I love my brother. We're eight years apart in age, and were never terribly close, but I still love him immensely. When our parents divorced my mother got custody of me, and my father got custody of my brother. That just killed me. How does one explain to a four-year old why both men she idolizes-- her father and brother-- are leaving her? The experience definitely shaped how I viewed relationships with men as I grew older, but I think I've finally come to grips with that, and with the fear of abandonment that incited my behavior.
He still lives in NJ, not far from where our Mom lived.

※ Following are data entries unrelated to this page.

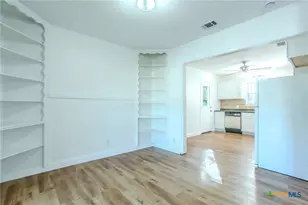 1809 S 13th St, Temple, TX 76504 - Photo 10
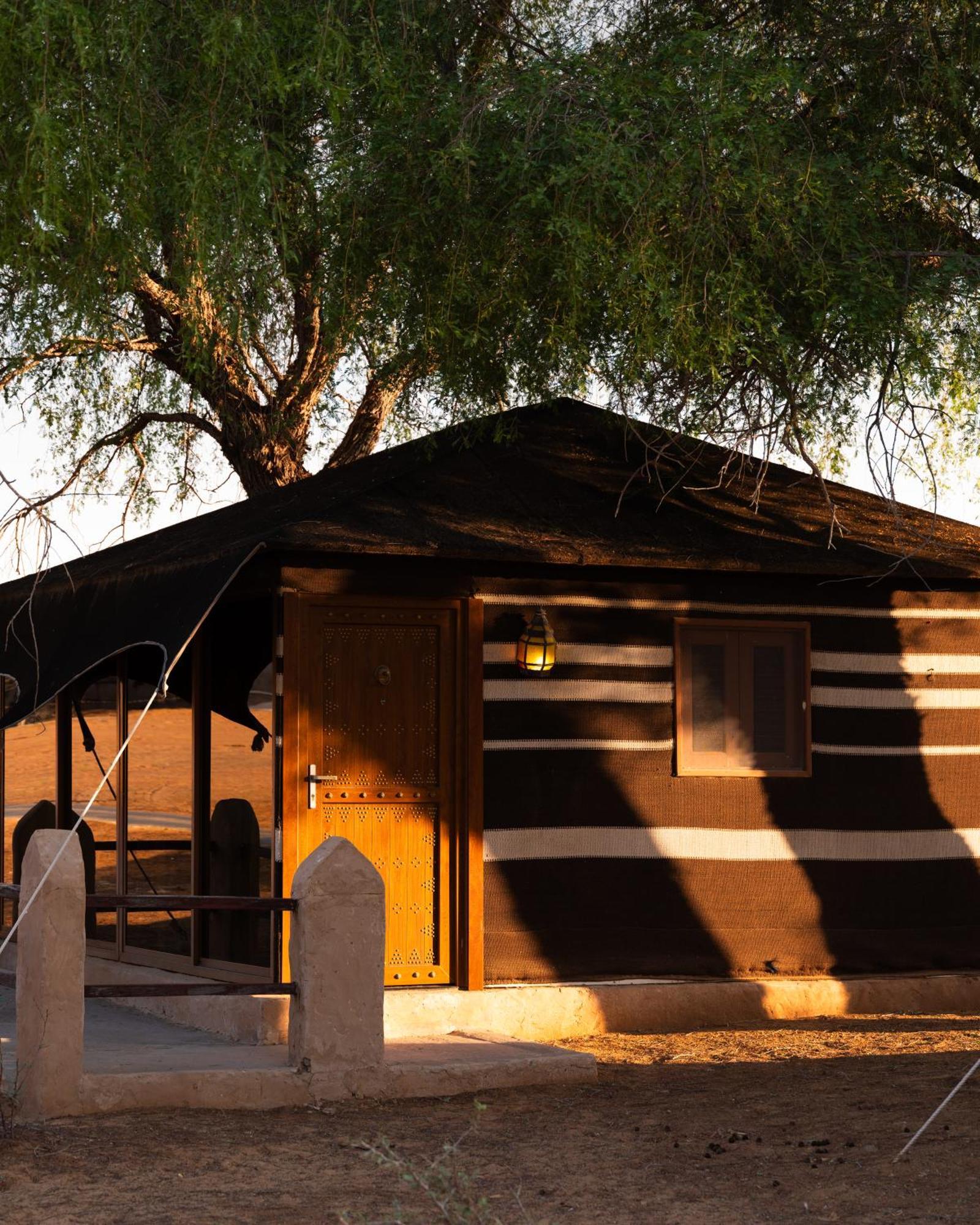Thousand Nights Camp Shahiq Bilik gambar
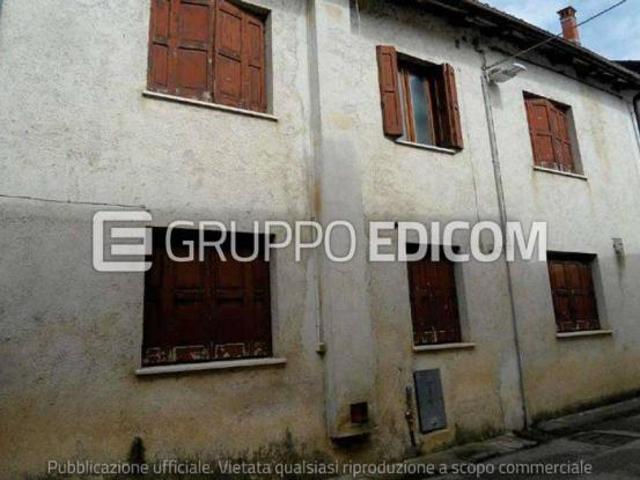 Appartamento in vendita a Maniago, Friuli-Venezia Giulia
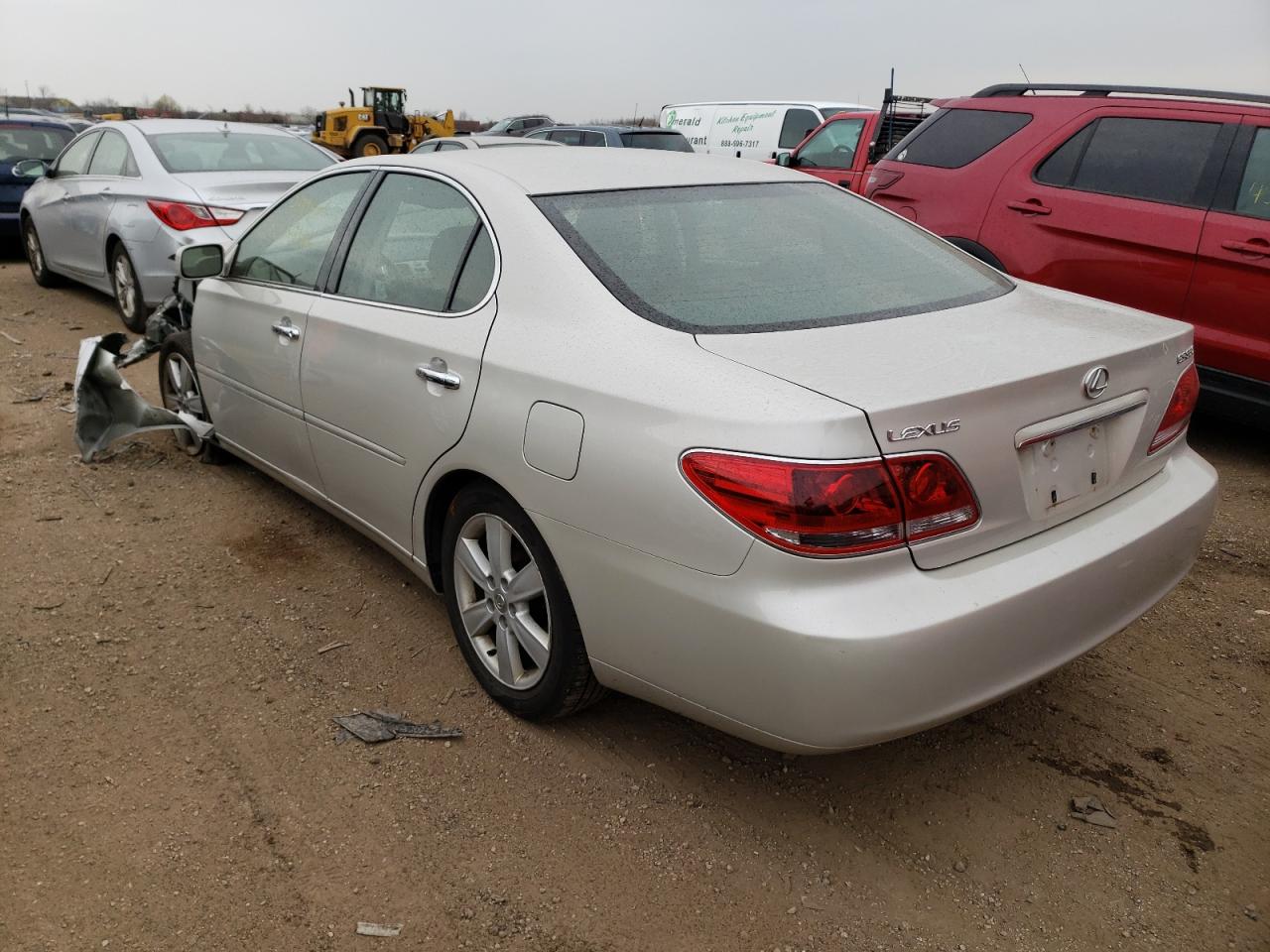 Photo 3 from auction – 2005 LEXUS ES 330 with VIN JTHBA30G255121321
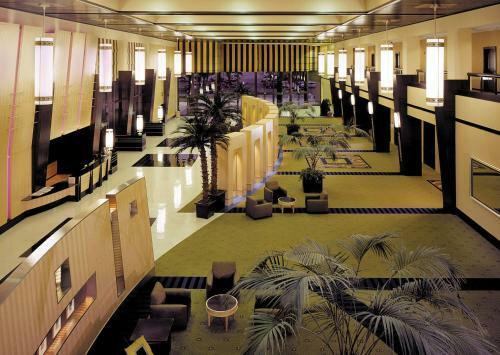 Hotel Pacific Palms Resort And Golf Club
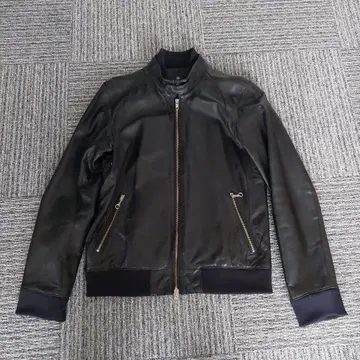 BEAUTY&YOUTH 싱글 라이더 가죽 자켓 M 사이즈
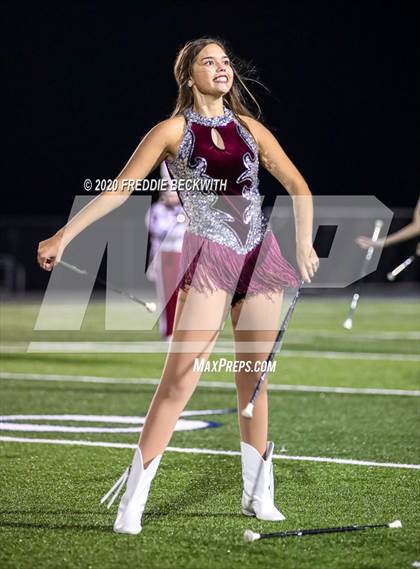 Thumbnail 3 in Pottsboro vs. White Oak (UIL 3A D1 Bi-District) photogallery.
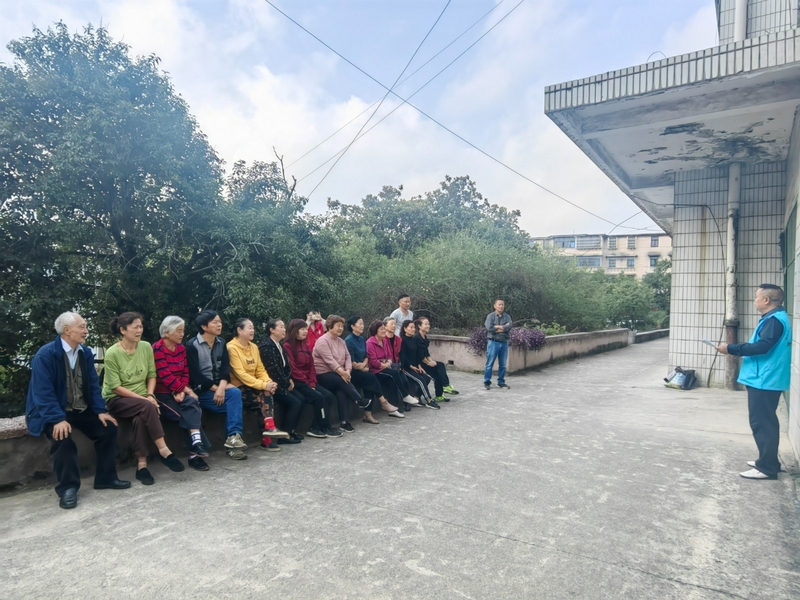 向群眾宣傳”治風“政策。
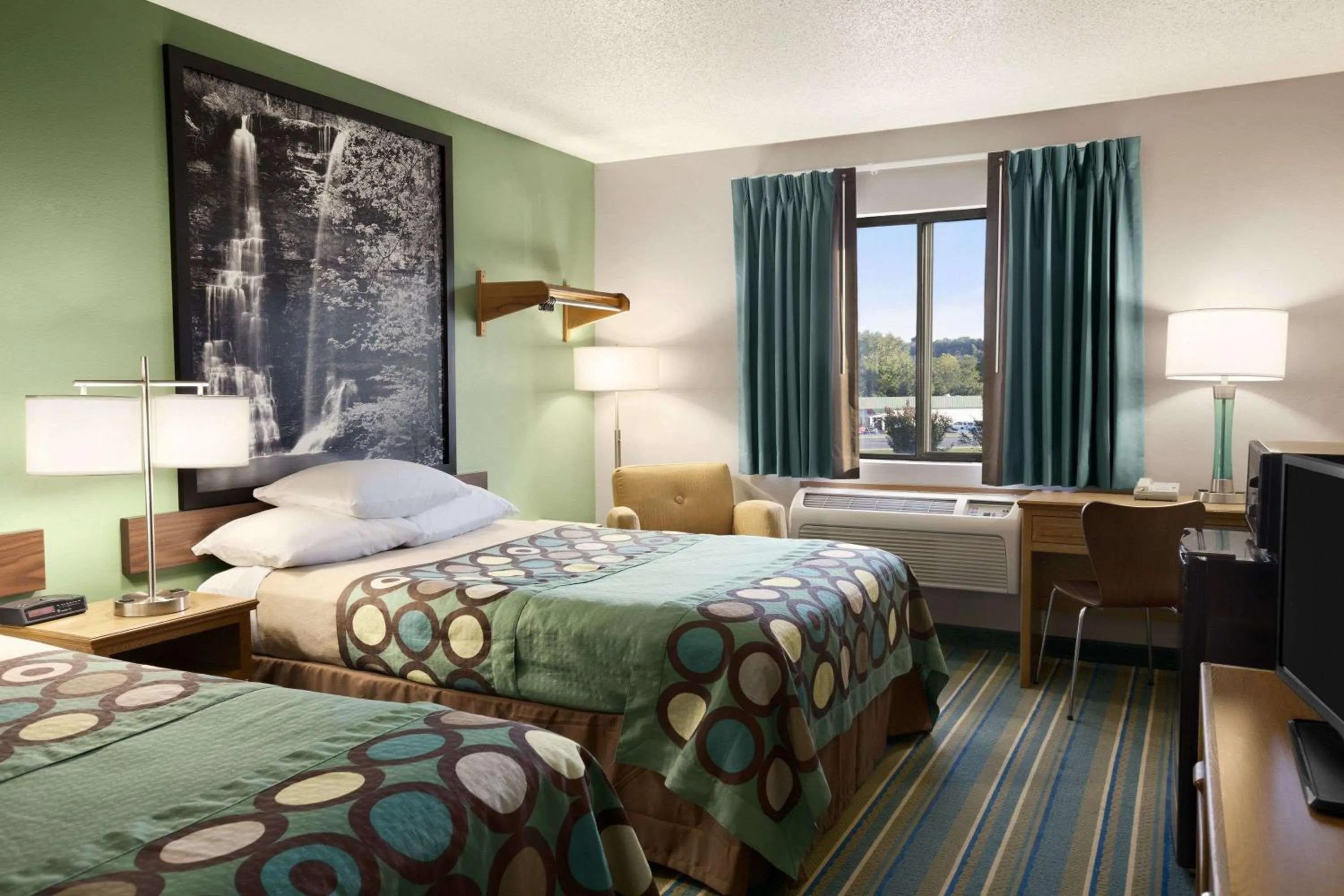 Photo of the whole room, Bed in Super 8 by Wyndham Batesville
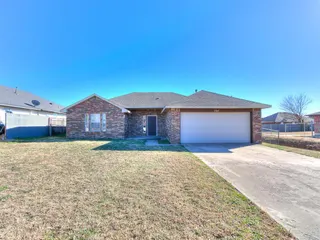 Sold home at 704 NW 21st Street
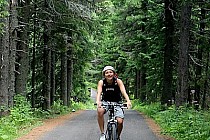 Droga asfaltowa do Popradzkiego Jeziora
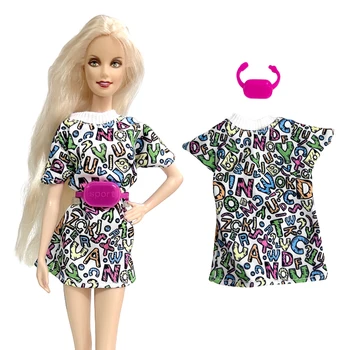 Официален комплект кукли NK от 2 теми в художествен стил: забавно рокля с надпис + розова поясная чанта за кукли Барби 1/6 Аксесоари за преобличане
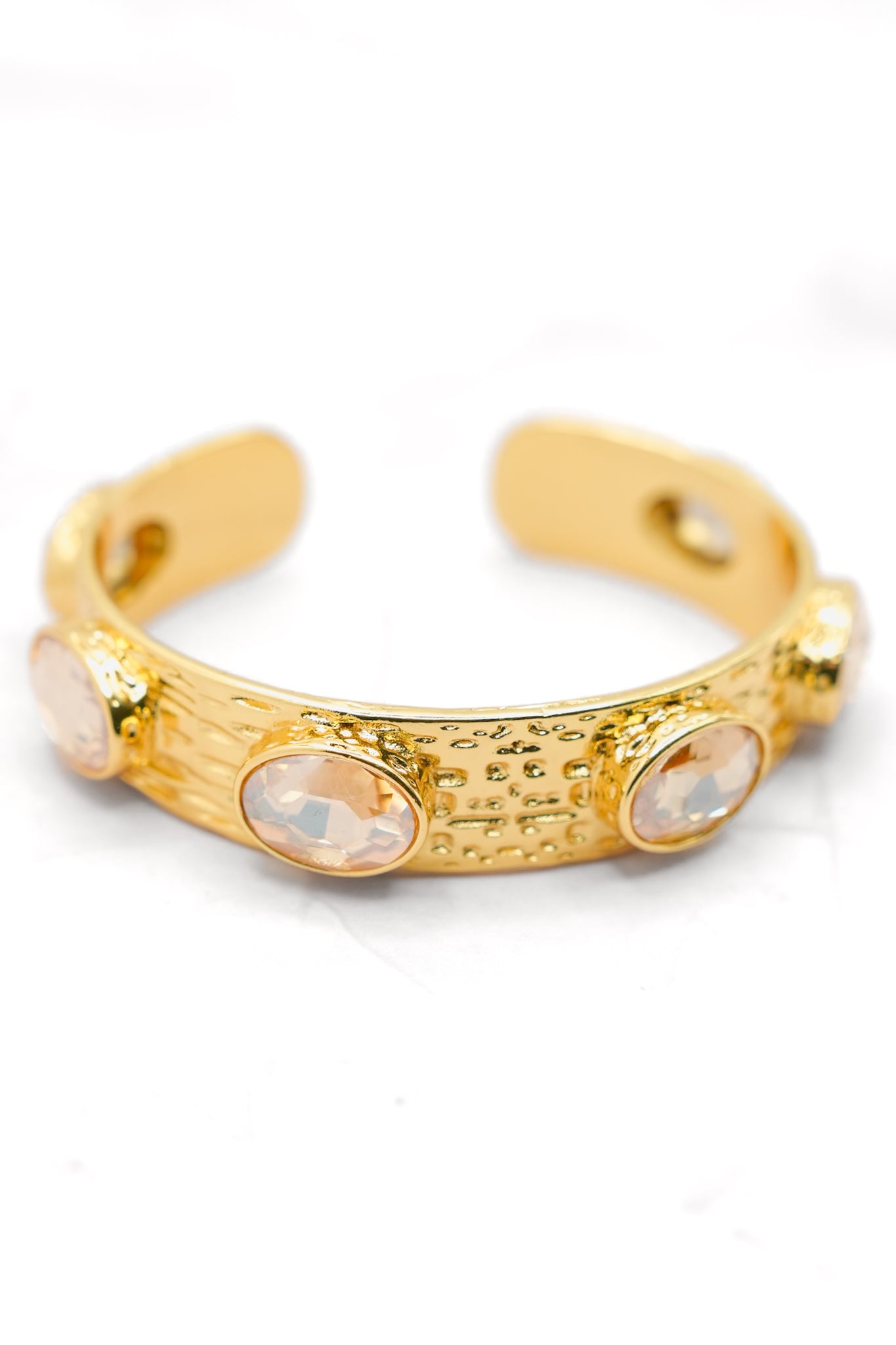 Treasure Jewels Queen Glow Bangle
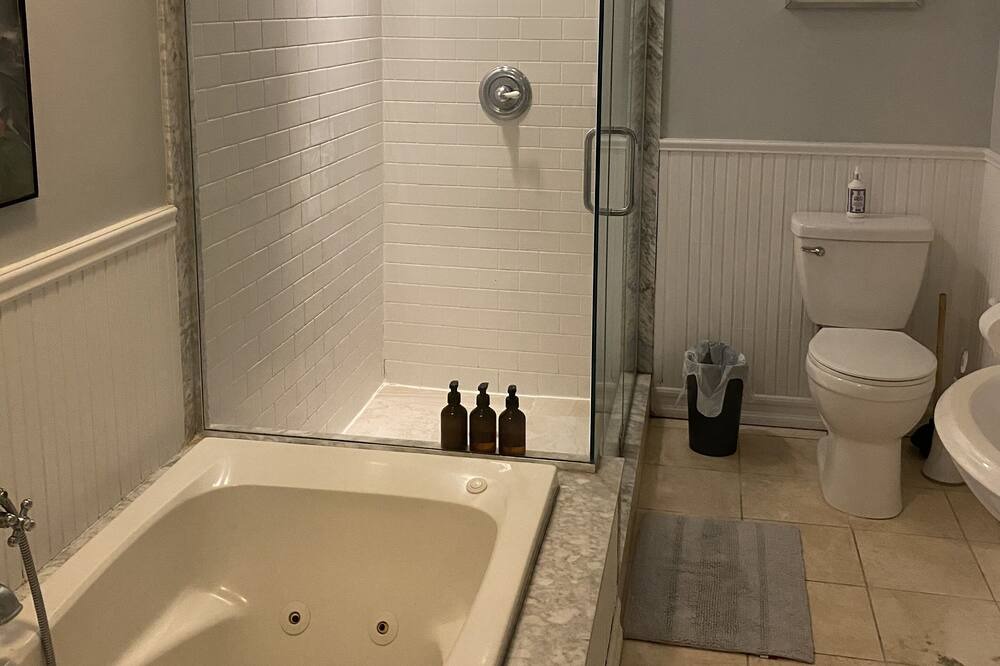 Photo of Bathroom in Melville
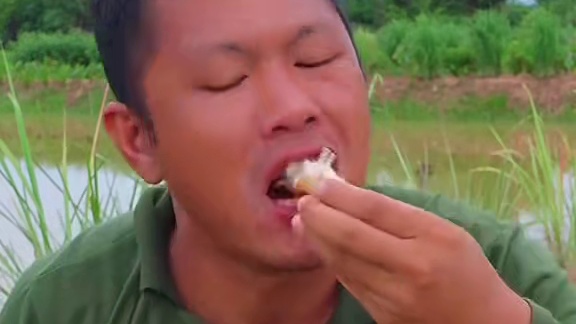 酸辣木瓜丝️脆皮烤五花肉 #美食 #泰国美食 #户外美食 #内容启发搜索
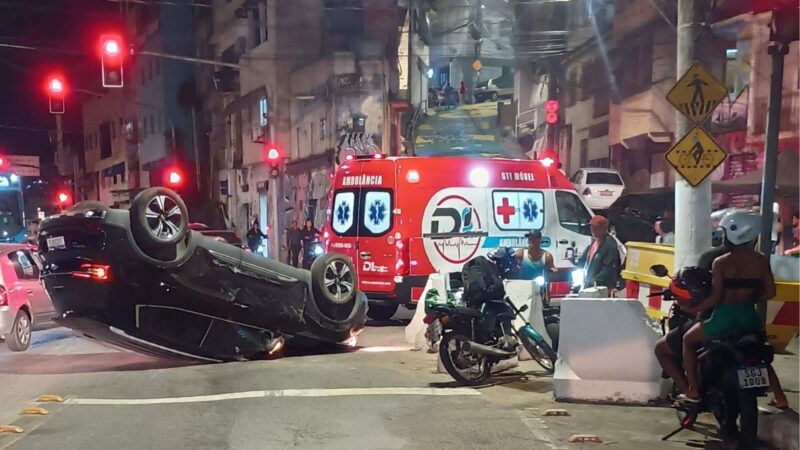 Motorista escapa sem ferimentos graves após capotamento próximo à Ilha do Príncipe, em Vitória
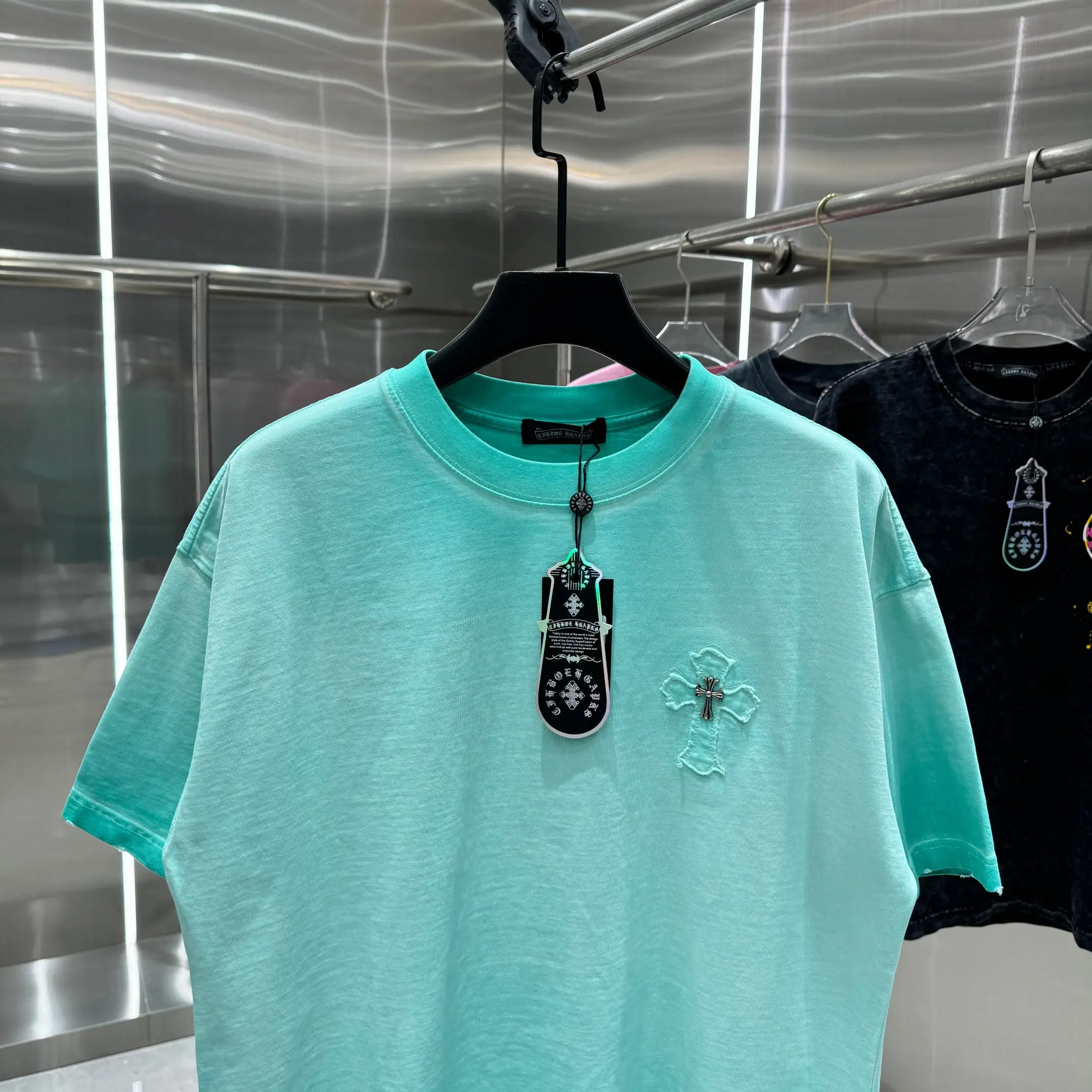 Acid-Wash Embroidered Patch T-Shirt D18014238 — view 6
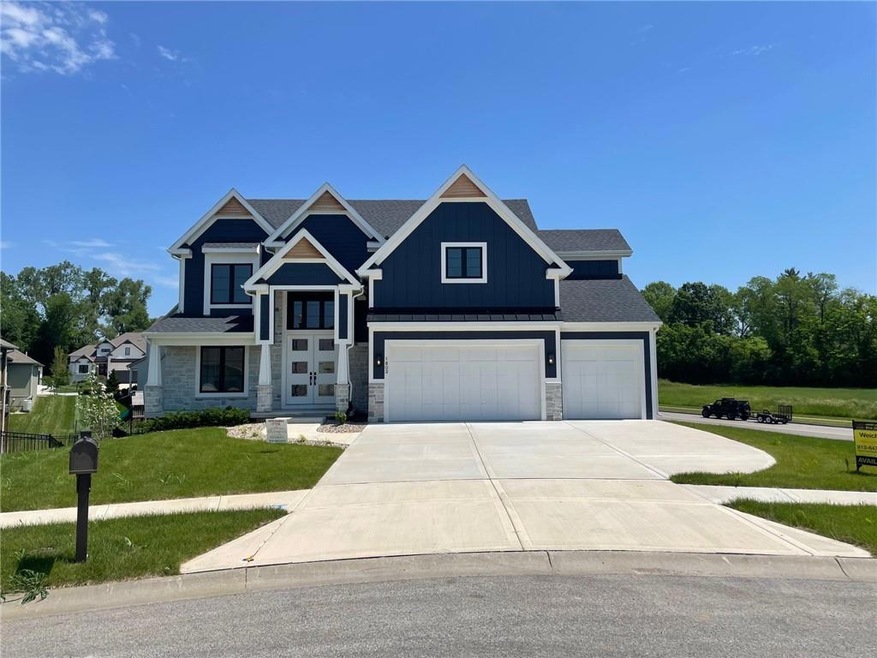 Front elevation on culdesac street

I told him how much my house cost and he nearly had a heart attack ;)
I remember the much-beloved Fisher-Price boat he got me when I was little (out of his own money!) and when he and I would go outside when our parents were fighting (which was always) and the cool clubhouse he had set up in the loft in the garage that I always wanted to play in (but usually wasn't allowed to-- which made it all the more tempting).
He bought me Jethro Tull's Warchild, my first "real" rock and roll record album, when I was twelve or thirteen*. I thought it was kinda of weird at the first listen, but it grew on me and undoubtedly shaped my tastes in music forever.
He played bass in a rock and roll band-- several, actually-- but this most recent one broke up. Bummer. I know how much he enjoyed it. He's kind of funny... he's born again (but you'd never guess it in a million years) and won't play Highway to Hell, but will play a lot of other stuff that makes reference to the devil more obliquely. He tries to live his life in line with his beliefs, though, and I respect him for that so very much.
He recently bought a sailboat and named it Says Marjorie after our Mom :) He invited me to visit this summer**, and offered me the sailboat to stay on overnight. Dave (that'd be my brother) and I both got our love of boating from our Dad, who would often take us on his boat up the Hudson river. His boat is now located in the same Jersey shore town our Dad's last boat was.
He doesn't talk much, my brother... and trying to get him to use a phone once in awhile is nearly impossible (my Dad and I joke about this often), but we always share a few laughs when we finally do get to talk.
I'm rambling, I know.
It's a beautiful day. I think I'll grab a bite to eat w/ Mr. E and go fly a kite.
* Someone got me a big orange crayola crayon candle that birthday, and I still associate that record with the scent of oranges.
** It would be awesome if we could get Mom's sister and brother to join us... unfortunately, we don't know where Uncle Robbie disappeared to.